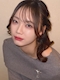 プロフィール写真7・聖奈~元ミス熊本代表~|あんず - 熊本市・下通りのスナック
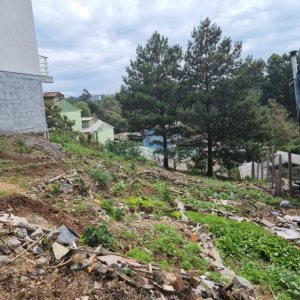 Terreno com 360m², no bairro Desvio Rizzo em Caxias do Sul para Comprar
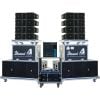 Dàn Line Array Passive Actpro DA03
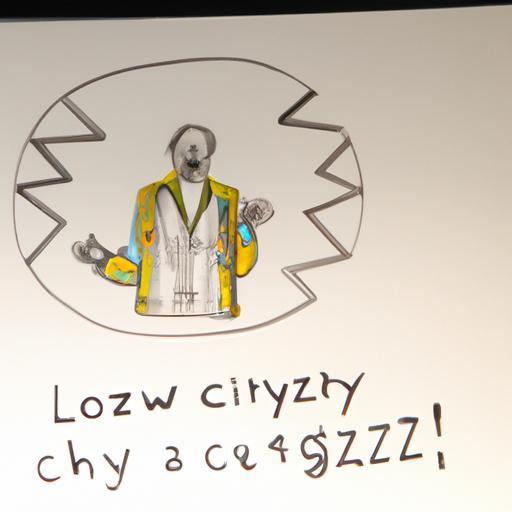 20 Chistes de Electricidad Divertidos 20 Chistes de Electricidad Divertidos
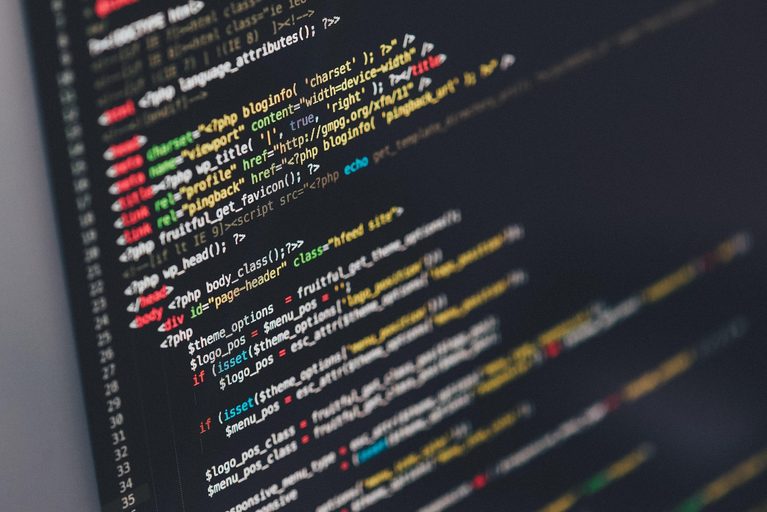 Claude Code for non-coders shown through a terminal workflow beside handwritten project notes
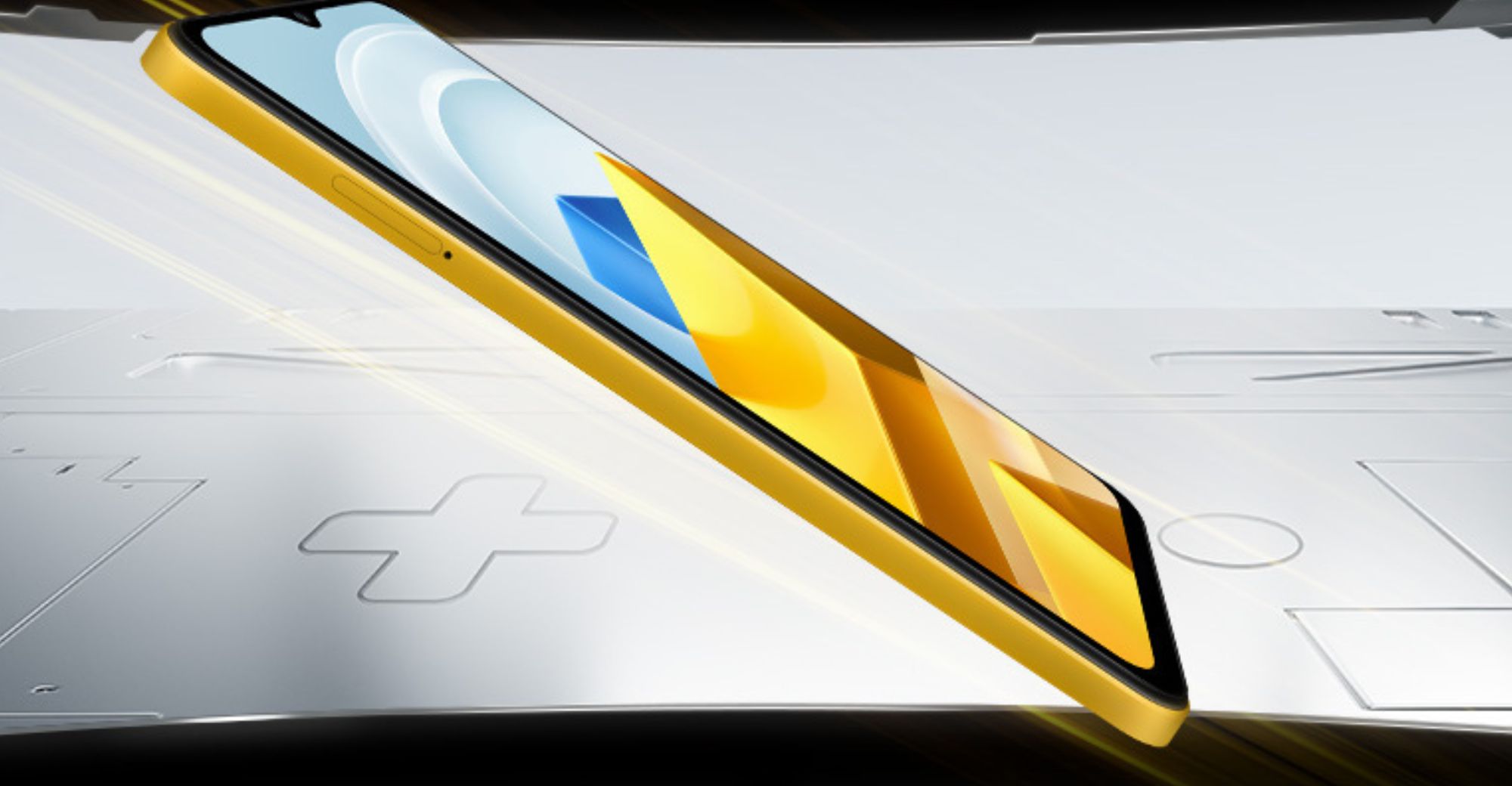 Xiaomi POCO akan rilis M5 dan M5s baru pada 5 September
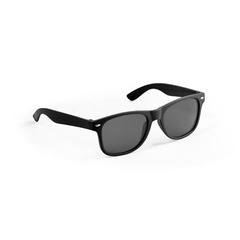 Lunette de soleil en PET (100% rPET) - Salema publicitaire pas cher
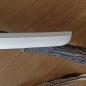 Preview: Shoto/Wakizashi aus Ahorn in der Standard-Form ➤ www.bokken-shop.de. Passend für für Deine Kampfkunst Aikido, Iaido. Dein Fachhändler für Kampfkunst!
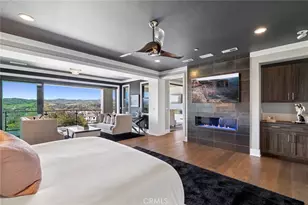 11 Thurston Dr, Coto de Caza, CA 92679 - Photo 32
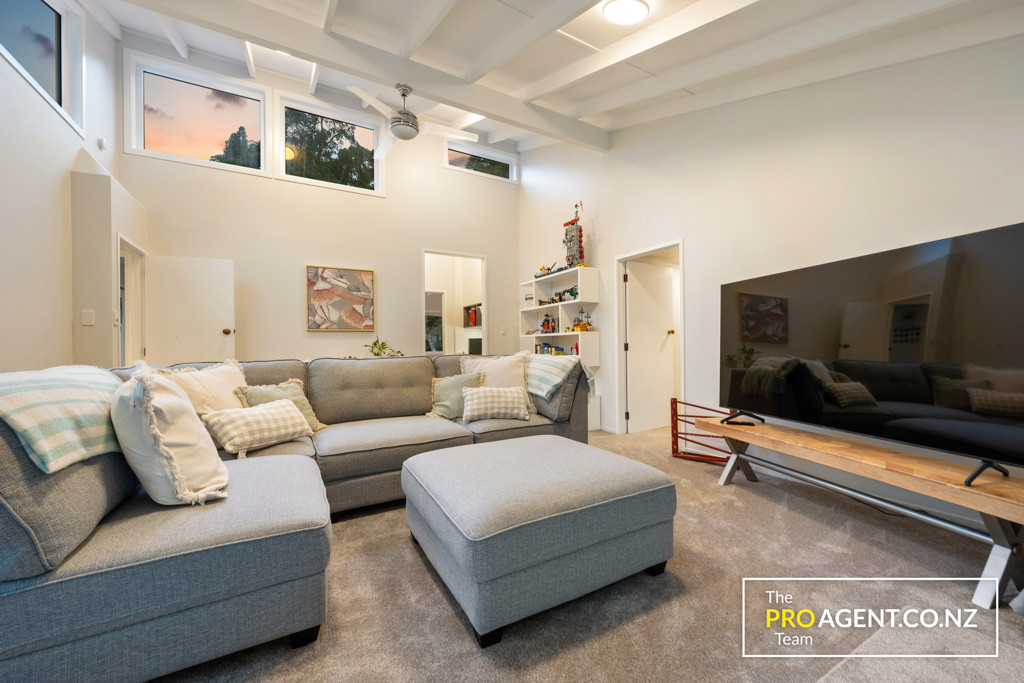 26 Daffodil Street, Titirangi - Photo 7
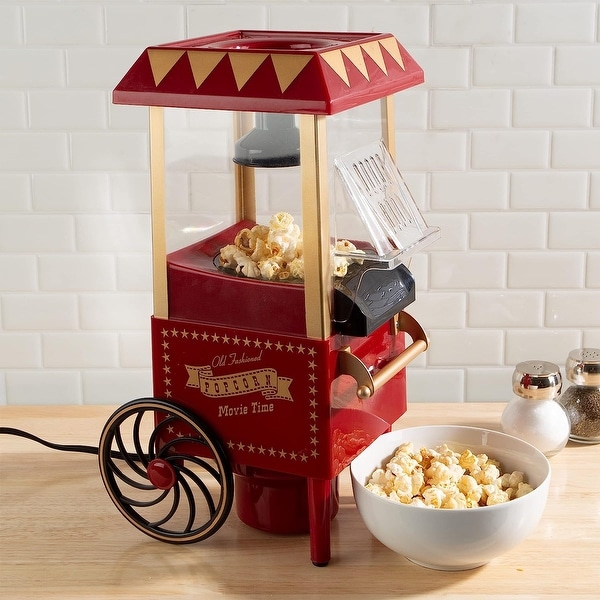 https://ak1.ostkcdn.com/images/products/is/images/direct/ba4f434fcd05611ddfc13184dde7de9b40628102/Mini-Hot-Air-Popcorn-Machine.jpg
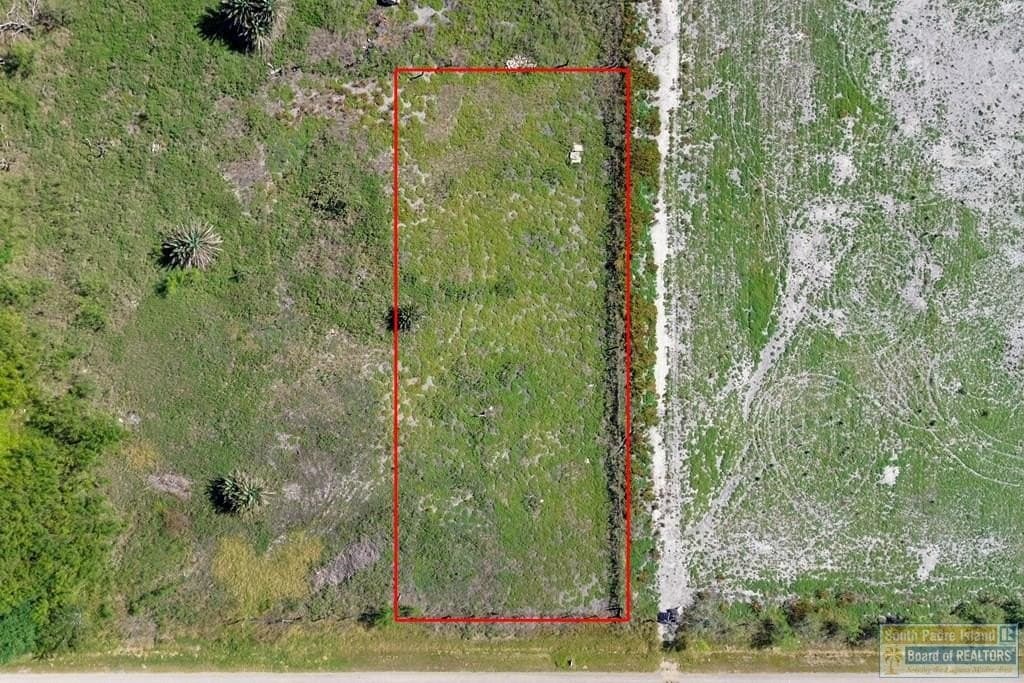 0 acres in Cameron County - photo 6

──────────

**TASK STATEMENT**
Each line of the records is to be reproduced exactly, and each picture dropped.

**RESULT BELOW**
 プロフィール写真7・聖奈~元ミス熊本代表~|あんず - 熊本市・下通りのスナック
 Terreno com 360m², no bairro Desvio Rizzo em Caxias do Sul para Comprar
 Dàn Line Array Passive Actpro DA03
 20 Chistes de Electricidad Divertidos 20 Chistes de Electricidad Divertidos
 Claude Code for non-coders shown through a terminal workflow beside handwritten project notes
 Xiaomi POCO akan rilis M5 dan M5s baru pada 5 September
 Lunette de soleil en PET (100% rPET) - Salema publicitaire pas cher
 Preview: Shoto/Wakizashi aus Ahorn in der Standard-Form ➤ www.bokken-shop.de. Passend für für Deine Kampfkunst Aikido, Iaido. Dein Fachhändler für Kampfkunst!
 11 Thurston Dr, Coto de Caza, CA 92679 - Photo 32
 26 Daffodil Street, Titirangi - Photo 7
 https://ak1.ostkcdn.com/images/products/is/images/direct/ba4f434fcd05611ddfc13184dde7de9b40628102/Mini-Hot-Air-Popcorn-Machine.jpg
 0 acres in Cameron County - photo 6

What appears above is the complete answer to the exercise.